Yargıtay’ın ilgili tüm Daireleri ve Hukuk Genel Kurulu, kararlarında özetlenen bu ilkeleri esas almışlardır. Bu durumda ecrimisilin tahsili için genel mahkemelerde genel hükümlere göre dava açılabileceğinde kuşku bulunmamaktadır.

Eldeki davada Hazinenin davacı olması nedeniyle, olayın 1.1.1984 tarihinde yürürlüğe giren 2886 sayılı Devlet İhale Kanununun 75 inci maddesi açısından irdelenmesine gelince;

Anılan maddede, “Devletin özel mülkiyetinde veya hüküm ve tasarrufu altında bulunan malların gerçek ve tüzel kişilerce işgali üzerine fuzuli şagilden bu Kanunun 9. maddesindeki yerlerden (Ticaret Odası, Sanayi Odası, borsa veya bilirkişilerden) sorulmak suretiyle 13. maddede gösterilen komisyonca (ilgili idare memurunun başkanlığında en az bir uzman veya maliye memuru) takdir ve tespit edilerek ecrimisil isteneceği, ecrimisil talep edilebilmesi için Hazinenin işgalden dolayı bir zarara uğramış olmasının gerekmediği ve fuzuli şagilin kusurunun aranmayacağı, ecrimisilin fuzuli şagil tarafından rızaen ödenmemesi halinde 6183 sayılı Amme Alacaklarının Tahsil Usulü Hakkında Kanun hükümlerine göre tahsil olunacağı, işgal edilen taşınmazın, idarenin talebi üzerine bulunduğu yer mülkiye amirince en geç 15 gün içinde tahliye ettirilerek idareye teslim edileceği” hükmü öngörülmüştür.

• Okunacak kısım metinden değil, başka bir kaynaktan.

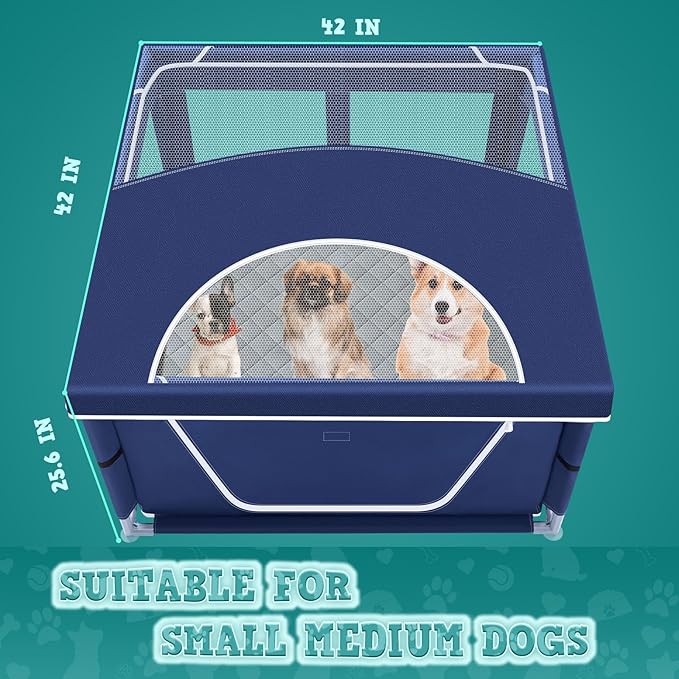 42x42 Inches Puppy Playpen with Cover&Dog Pads, Dog Playpen for Puppies or Small Dogs, Pet Playpen for Indoor & Outdoor, Sturdy Safety Dog Pen with Thickened Fabric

Uyuşmazlık Mahkemesinin 20.02.1989 tarih 2/1 sayılı ilke kararında da “2886 sayılı Devlet İhale Kanununun 75. maddesi uyarınca, fuzuli şagilden istenecek ecrimisilin belirlenmesi ve istenmesi üzerine açılacak davaların çözüm yerinin, ecrimisilin belirlenmesi ve işgalciden istenilmesi işlemlerinin idari niteliği nedeniyle idari yargı yeri olduğu” açıklanmıştır.

Yargıtay Hukuk Genel Kurulundaki görüşmeler sırasında olayın dava açısından incelenmesinde; davacı Hazinenin dava açamayacağı, dava açmakta hukuki yararı bulunmadığı ileri sürülmüş, çoğunluk aşağıdaki gerekçeyle bu görüşe katılmamıştır.

Gerçekten de; 2886 sayılı Kanunun 75. maddesine göre Hazinece ecrimisil ihbarnamesinin düzenlenip tebliği işleminden sonra, ihbarnamenin iptali, ecrimisil gerekip gerekmediği veya fazla talep edildiği iddiasına dayalı işlem ve davaların idari nitelikte bulunduğu, çözüm yerinin idari yargı olduğu kuşkusuzdur.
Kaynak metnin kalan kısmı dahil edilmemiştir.